Frontier Technology Livestreaming wins the UK Civil Service Innovation Award

Monday 27 November 2017

Now in their 12th year, the UK Civil Service Awards recognise and celebrate inspirational individuals and innovative projects within the civil service and help spread best practice right across government.

We are delighted that Frontier Technology Livestreaming (FTL), which is funded by the UK Department for International Development (DFID) and implemented by IMC, was announced as the winner of the innovation award at a ceremony at Lancaster House in London on Thursday 23 November.

The Civil Service Award for Innovation ‘recognises a team that has sought new and better ways of doing things and taken sensible risks to improve outcomes and successfully address an issue or challenge.’ This can be through innovative approaches to policy-making and delivery; challenging the status quo; or new approaches leading to a step-up from business-as-usual. 

Within FTL, we are helping DFID to identify, fund and disseminate technologies to tackle development challenges.

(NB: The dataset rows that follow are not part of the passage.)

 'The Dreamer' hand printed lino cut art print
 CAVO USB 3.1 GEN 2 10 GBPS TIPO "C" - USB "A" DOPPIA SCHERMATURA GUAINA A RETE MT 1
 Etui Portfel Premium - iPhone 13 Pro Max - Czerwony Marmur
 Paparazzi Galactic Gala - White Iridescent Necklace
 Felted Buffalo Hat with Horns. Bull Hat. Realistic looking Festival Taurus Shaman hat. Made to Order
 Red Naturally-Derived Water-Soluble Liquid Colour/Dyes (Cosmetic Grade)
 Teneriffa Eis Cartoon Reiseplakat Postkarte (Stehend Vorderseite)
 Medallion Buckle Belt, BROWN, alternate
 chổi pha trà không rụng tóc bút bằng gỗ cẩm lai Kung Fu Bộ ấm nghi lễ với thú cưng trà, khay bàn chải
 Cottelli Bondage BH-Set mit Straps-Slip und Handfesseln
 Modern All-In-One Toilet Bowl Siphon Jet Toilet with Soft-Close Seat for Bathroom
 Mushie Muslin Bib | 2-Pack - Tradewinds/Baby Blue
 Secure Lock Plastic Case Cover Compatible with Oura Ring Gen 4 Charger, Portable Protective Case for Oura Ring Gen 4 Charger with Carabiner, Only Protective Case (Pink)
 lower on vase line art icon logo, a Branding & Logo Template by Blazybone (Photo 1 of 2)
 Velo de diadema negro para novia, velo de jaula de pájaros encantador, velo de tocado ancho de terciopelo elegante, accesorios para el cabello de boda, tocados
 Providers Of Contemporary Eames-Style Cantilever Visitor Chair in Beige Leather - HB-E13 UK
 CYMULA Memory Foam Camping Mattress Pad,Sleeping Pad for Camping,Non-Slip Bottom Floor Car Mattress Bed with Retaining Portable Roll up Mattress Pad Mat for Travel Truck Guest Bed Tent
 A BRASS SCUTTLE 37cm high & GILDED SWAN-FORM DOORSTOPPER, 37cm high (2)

In collaboration with 28 local partners including technology entrepreneurs, governments, academic institutions, NGOs and private companies, FTL is piloting 10 innovative projects in Ethiopia, Nepal, India, Mozambique, Tanzania, and Zimbabwe.

Pilots range from trialling the viability of a 3D printing industry in Nepal to introducing a new payment and monitoring technology called eWATERpay to improve the reliability of water supply systems in rural Tanzania.

CSA photo
From left: Alex Chisholm, Permanent Secretary, Department for Business, Energy and Industrial Strategy, Lea Simpson, FTL Team Leader, and Magdalena Banasiak, Steven Hunt and Tamara Giltsoff from the UK Department for International Development.

FTL’s unique methodology is informed by best practices in private sector innovation but also attuned to the complexities and challenges of working in international development.

We test the viability of pilots through ‘sprints’, which can be defined as the smallest possible batches of work that generate learning. This allows us to understand quickly whether a pilot should persevere, be refined or discontinued. This approach enables maximum adaptability for pilots and generates a strong ‘livestream’ of shared learning. It also allows DFID to achieve value for money by focusing on initiatives that are likely to succeed and improve lives.

It’s great to work on Frontier Technology drones and pilot it to improve community infrastructure management in India. I’m excited about the application of technologies at the grassroots level to bring about a difference in poor people’s livelihoods. Being part of FTL is a great encouragement to think innovatively in my daily work.

Aloke Barnwal, Climate and Environment Adviser, DFID India

FTL is influencing not only DFID’s work but also that of international partners such as UNICEF and USAID.